The history of China's post-Mao economic reform has provided interesting material against which to test the Rights Hypothesis. Two features of that history in particular stand out. First, the institutions by which rights are enforced, in particular courts, are perceived to be weak, and thus rights are perceived to be unenforceable. (It is perception, which determines whether persons are willing to invest and make deals, that counts for purposes of the Rights Hypothesis.) Second, China has indeed enjoyed substantial economic growth in recent years.

There are many ways to interpret these observations. First, the hypothesis could be right and the observation of weak legal institutions wrong: rights are enforced in the system, but in a way that is not immediately apparent. Second, the hypothesis could be right and the observation of growth wrong: either the statistics are misleading, or growth is actually low relative to what it would have been with stronger legal institutions. Third, the hypothesis could simply be wrong: there is no strong link between legal institutions and economic growth.

Each of the above interpretations has a certain plausibility.

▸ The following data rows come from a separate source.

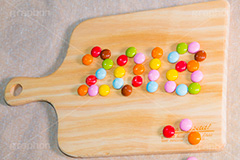チョコ2017,2017,年号,西暦,年賀状,お正月,マーブル,チョコレート,チョコ,まな板,カラフル,chocolate,colorful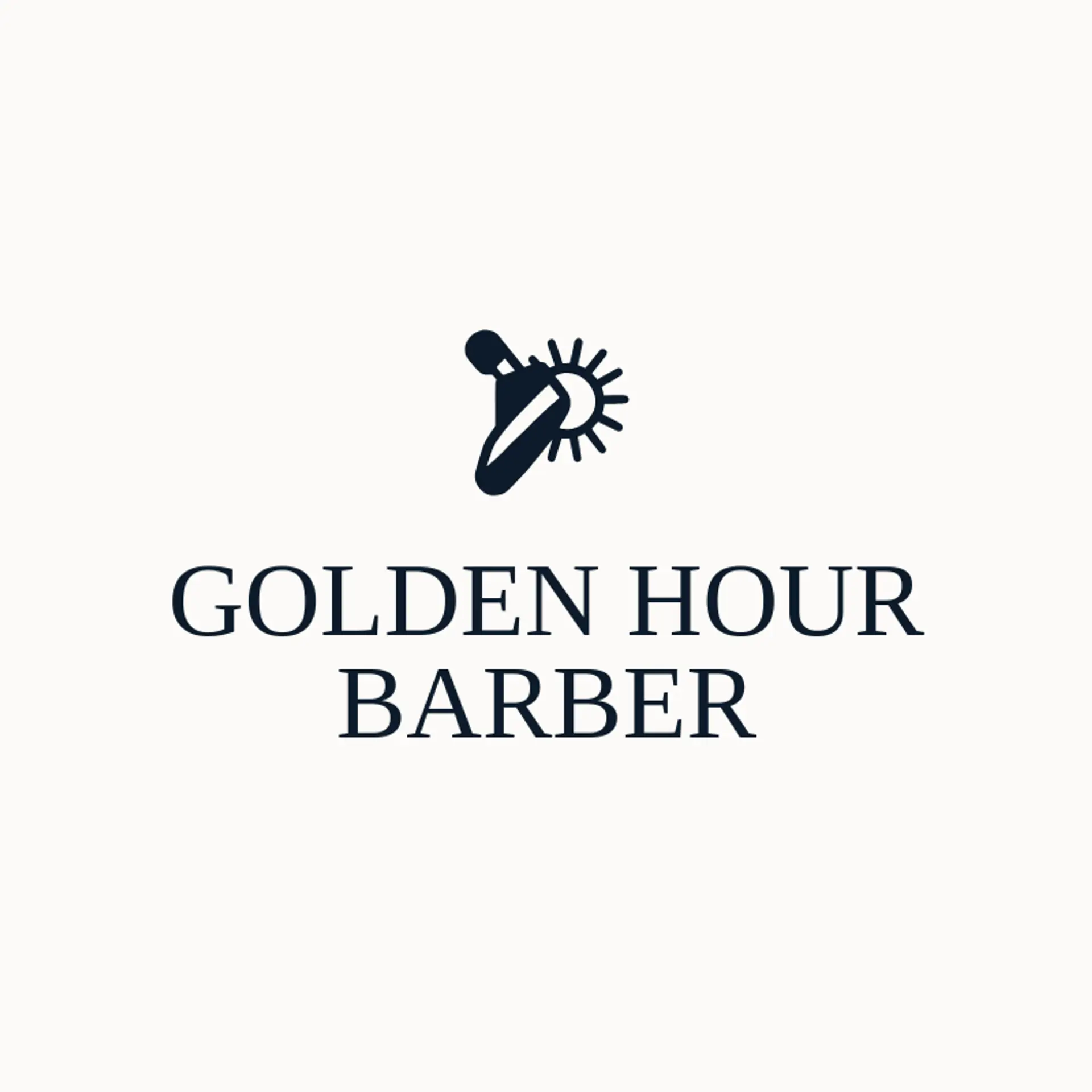Golden Hour Barber logo for barbershop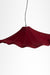 Flamenco Lily Lamp - Red / Raw Silk / Dia: 36’’ H: 8’’ - Lighting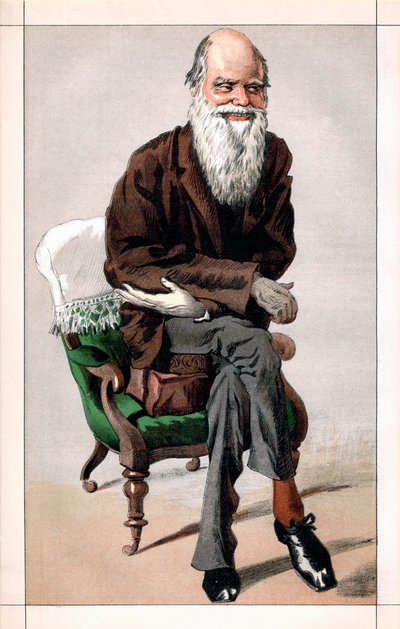 Portrait of Charles Darwin by James Jacques Joseph  Tissot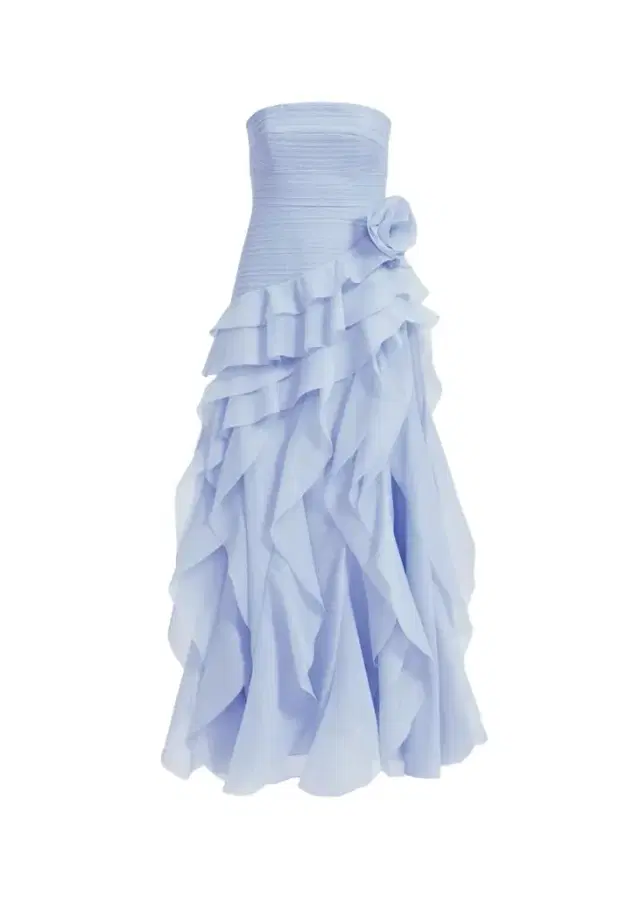 Aje Canyon Strapless Tiered Ruffle Gown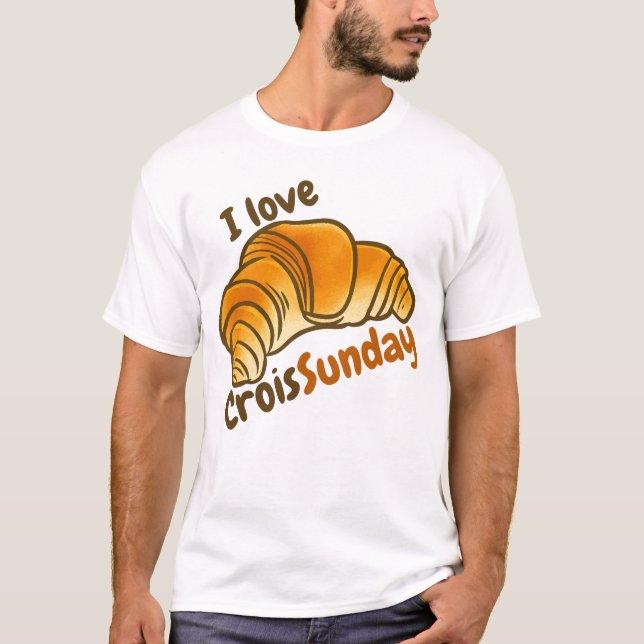 T-shirt Personnalisable J'aime CroisSunDay (Devant)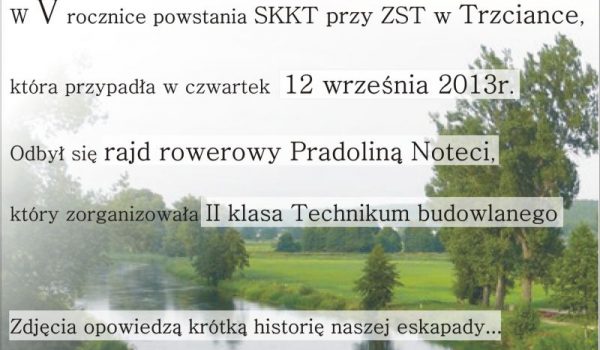 Rajd rowerowy Pradoliną Noteci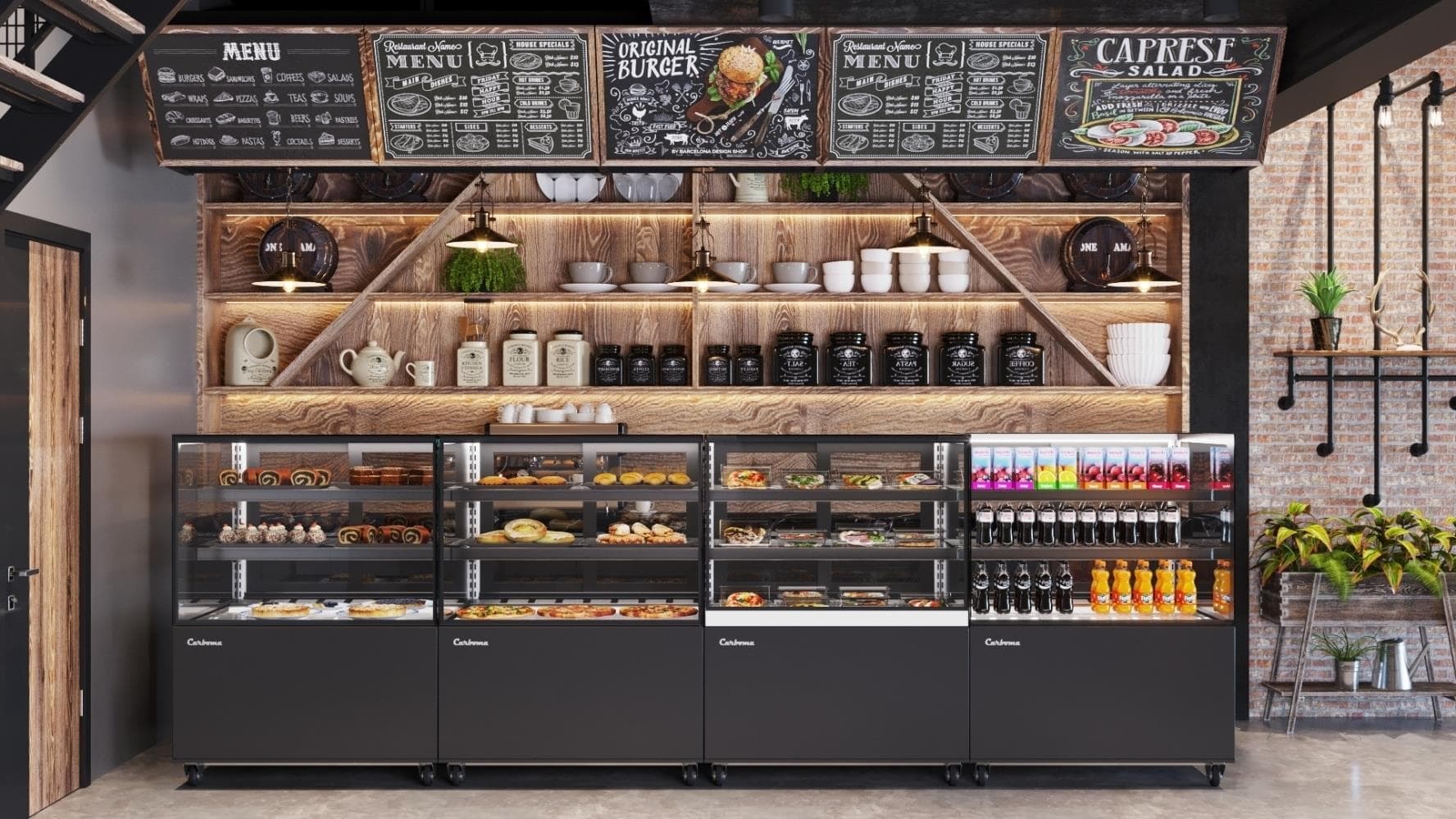 Витрина кондитерская Carboma KC78-110 VV 0,9-1 9005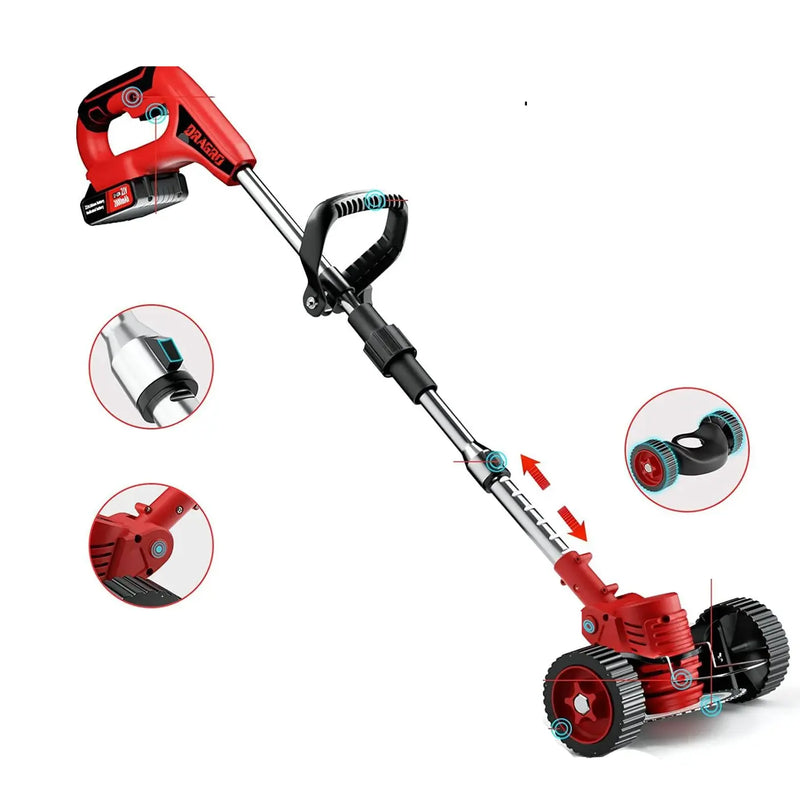 24V Electric Cordless Lawn Mover - aussie-deals4u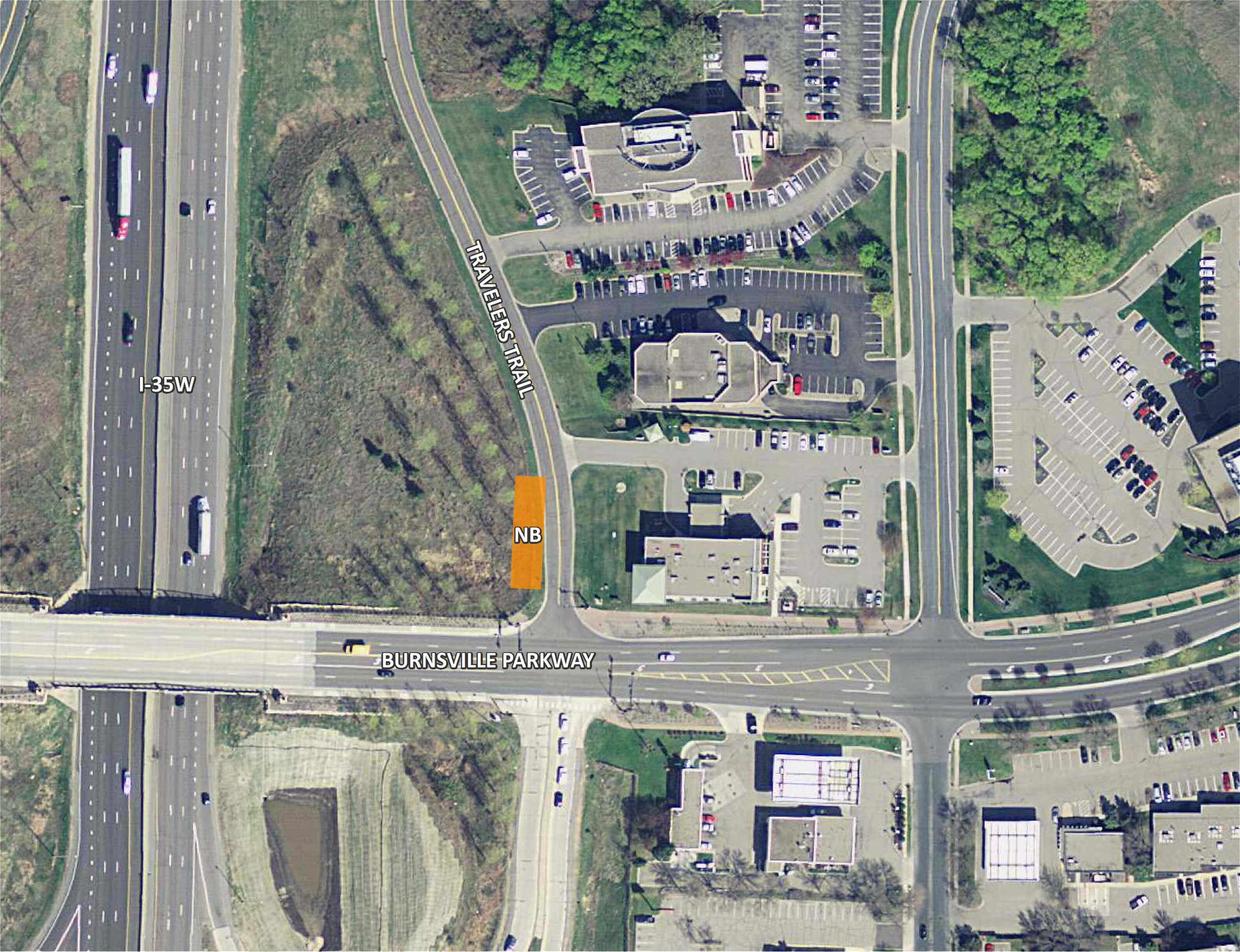 Burnsville Parkway Station Aerial map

On the other hand, they cannot all be correct. In this paper I propose an understanding of Chinese legal institutions and their impact on economic transactions (and on investment in particular) that will allow us, if not to reconcile, at least to refine these different interpretations to make them less mutually inconsistent. More broadly, I will propose a reformulation of the Rights Hypothesis that retains the emphasis on security of property but substantially downgrades the importance of a formal legal system that provides effective enforcement of contract rights.